When any dynamic executable is run, the system will first run an
interpreter which is responsible for collecting together the appropriate
objects, mapping them into memory and resolving references during
runtime. The name of the interpreter is included in the executable file.
Dynamic execution is only supported with ELF format executables. Such
executables will have an INTERP section which specifies the name of this
interpreter. The default name of this interpreter is /usr/lib/libc.so.1.
Any binary which hopes to conform to the MIPS SVR4 ABI should use the
name /usr/lib/libc.so.1 as its interpreter.
For 64-bit (64-bit ABI) programs the name of this interpreter is
/usr/lib64/libc.so.1. The discussion below applies to 64-bit programs if
the directory /usr/lib64 is substituted for the directory /usr/lib and
the directory /lib64 is substituted for /lib.

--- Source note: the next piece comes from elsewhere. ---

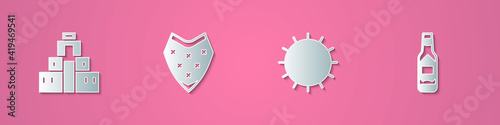 Set paper cut Chichen Itza in Mayan, Poncho, Sun and Tabasco sauce icon. Paper art style. Vector.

For new 32-bit ABI programs the name of this interpreter is
/usr/lib32/libc.so.1. The discussion below applies to new 32-bit ABI
programs if the directory /usr/lib32 is substituted for the directory
/usr/lib and the directory /lib32 is substituted for /lib.
The file /usr/lib/libc.so.1 is the standard C/system library in the form
of a shared object. In addition /usr/lib/libc.so.1 contains code which
will load the interpreter into its address space and set it to work. The
default such interpreter is /lib/rld.
One of the primary features of dynamic linking is that it gives users the
ability to change library implementations without recompiling the
executable. Some mechanisms for this are listed below. However,
/usr/lib/libc.so.1 is not subject to any of the mechanisms listed below,
since it is known to the executable as the interpreter as well as a
needed shared object. If you wish to substitute /usr/lib/libc.so.1, the
best way is to make use of the -I flag to the linker (ld(1)). This can
be passed from the compiler driver using the -Wl,-I,myinterpname format.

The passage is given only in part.